Some Canadian Indigenous See Hudson’s Bay Building as Hollow Gift – The New York Times

by ahnationtalk on May 29, 2023138 Views

Near the old perfume counters on the ground floor of the Hudson’s Bay department store in Winnipeg, Canada, a trade dripping with symbolism took place.

The 39th “governor” of Hudson’s Bay — North America’s oldest company and one of Canada’s most iconic — accepted from an Indigenous leader two beaver pelts and two elk hides in exchange for the building, the company’s onetime Canadian flagship.

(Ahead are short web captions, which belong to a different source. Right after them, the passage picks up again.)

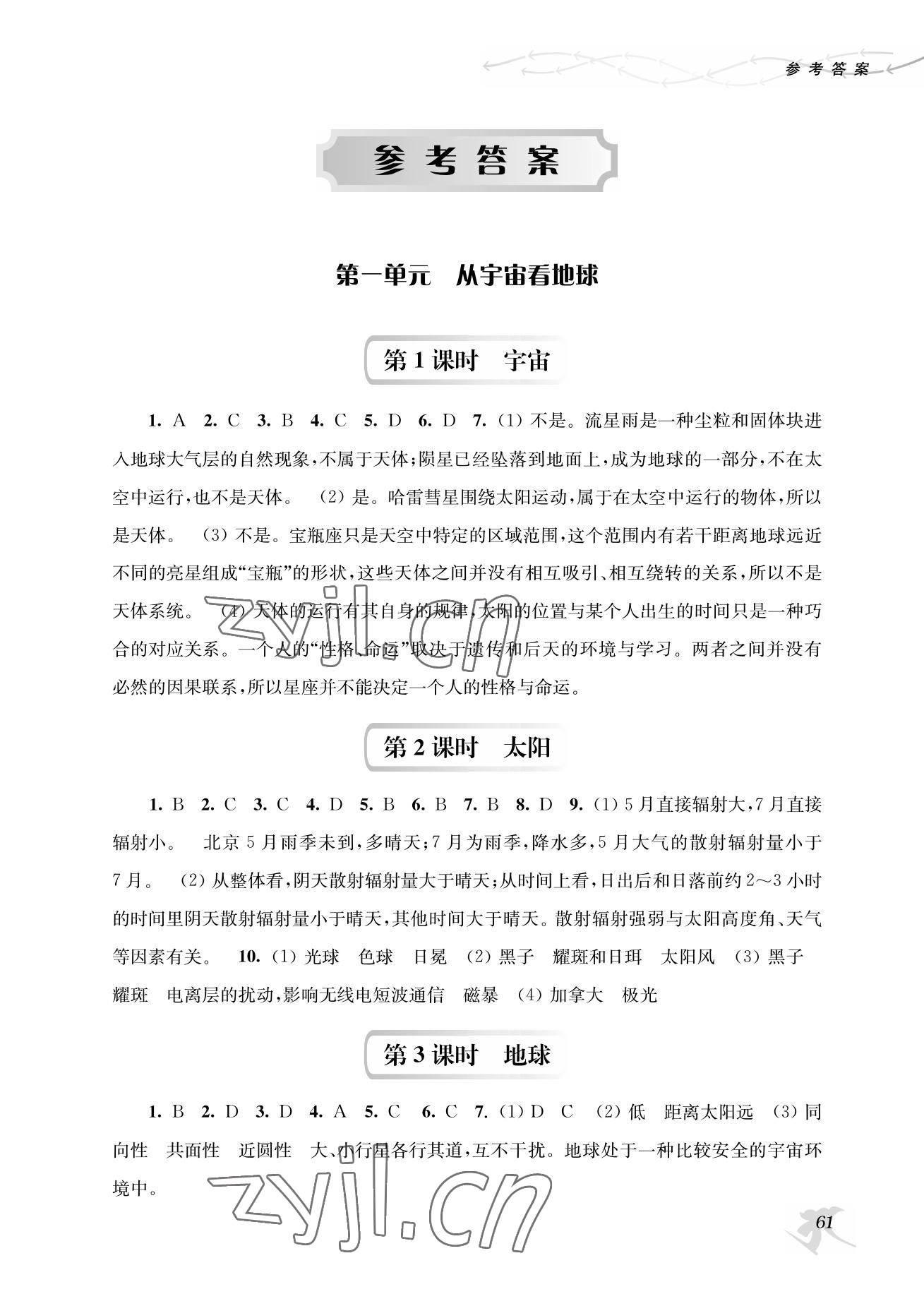 2022年新補(bǔ)充習(xí)題高中地理必修第一冊(cè)魯教版 參考答案第1頁(yè)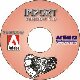 01_83-CDROM-IMPORT.jpg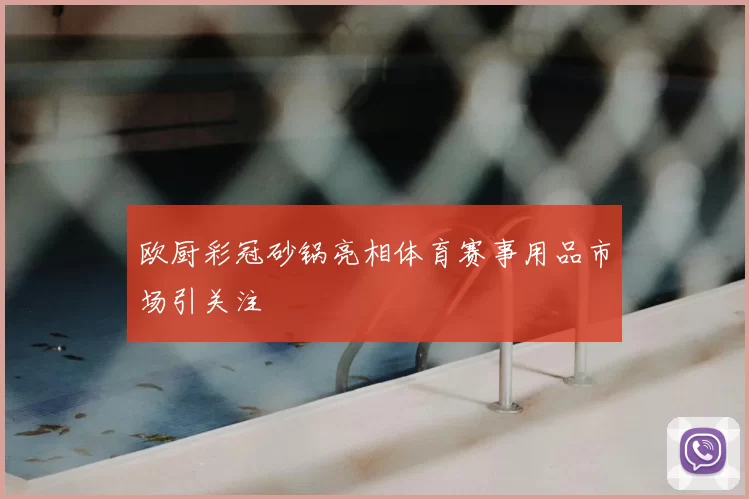欧厨彩冠砂锅亮相体育赛事用品市场引关注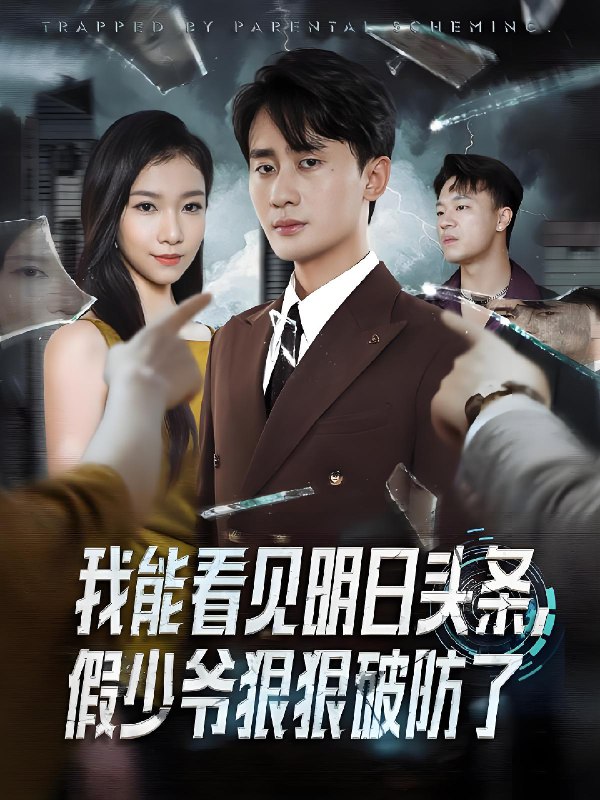 我能看见明日头条，假少爷狠狠破防了封面图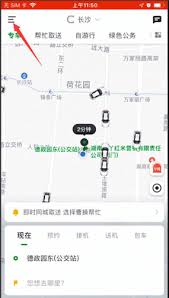 曹操出行app如何应聘司机 第1张
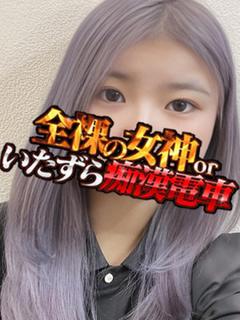 りお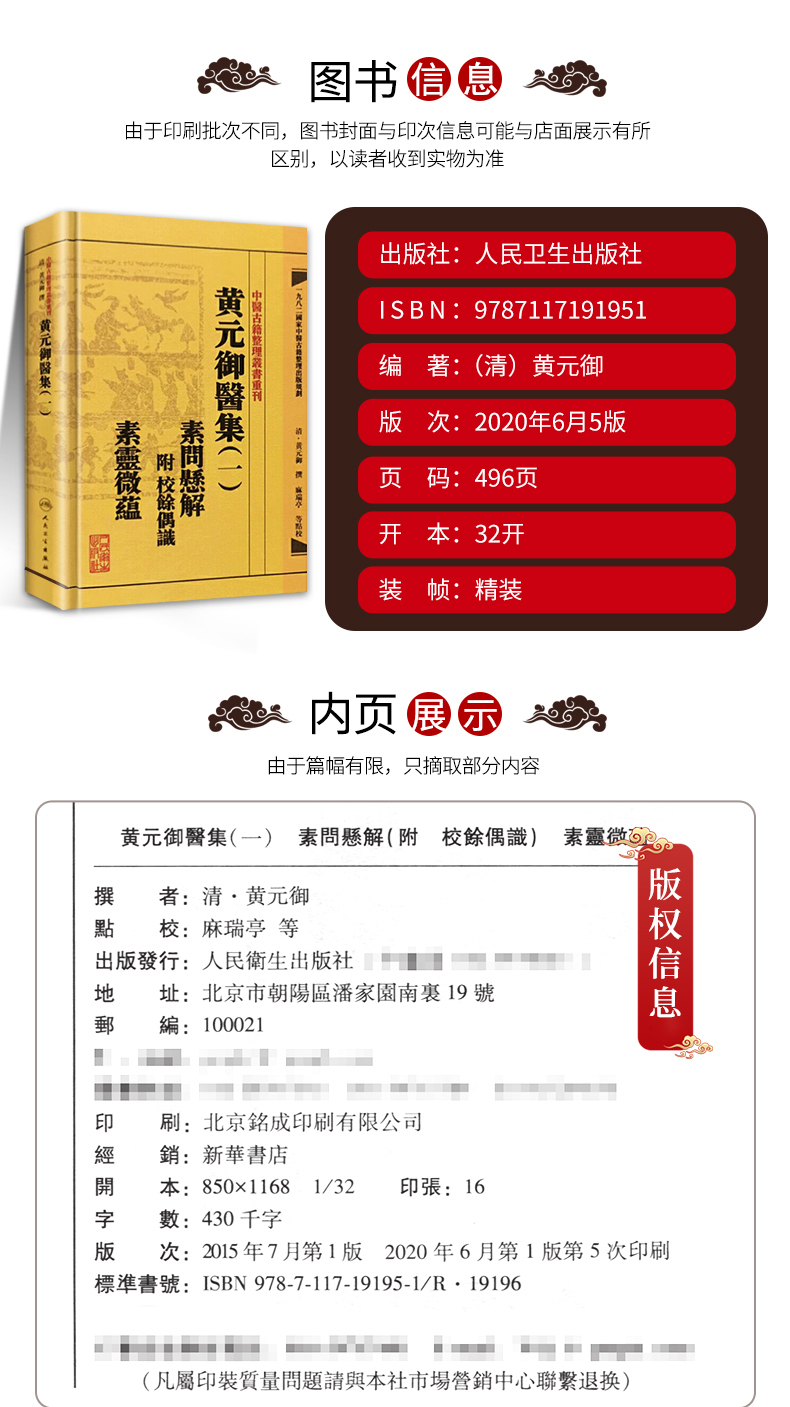 1696919109153516.jpg 详情-03.jpg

The ceremony took place a year ago when Hudson’s Bay, the company once chartered to found the colony that became part of Canada, gave away its shuttered, 600,000-square-foot, six-floor downtown building to a group of First Nations. But what seemed like an act of reconciliation has become a subject of intense debate as the building’s worth and the cost of transforming it have become clearer: Was this a real gift or an empty one?

The gift of the building has focused attention on the evolving relationship between Hudson’s Bay and Indigenous people in Canada, as well as their central role in the history of a country founded on the fur trade between them and the company.

Prime Minister Justin Trudeau and others who attended the ceremony praised the transfer of the building as an act of reconciliation between Canada and its oppressed Indigenous population. But with the ceremony’s feel-good effects dissipating, the details of the deal are raising questions about economic fairness as Canada works to achieve reconciliation with its Indigenous communities.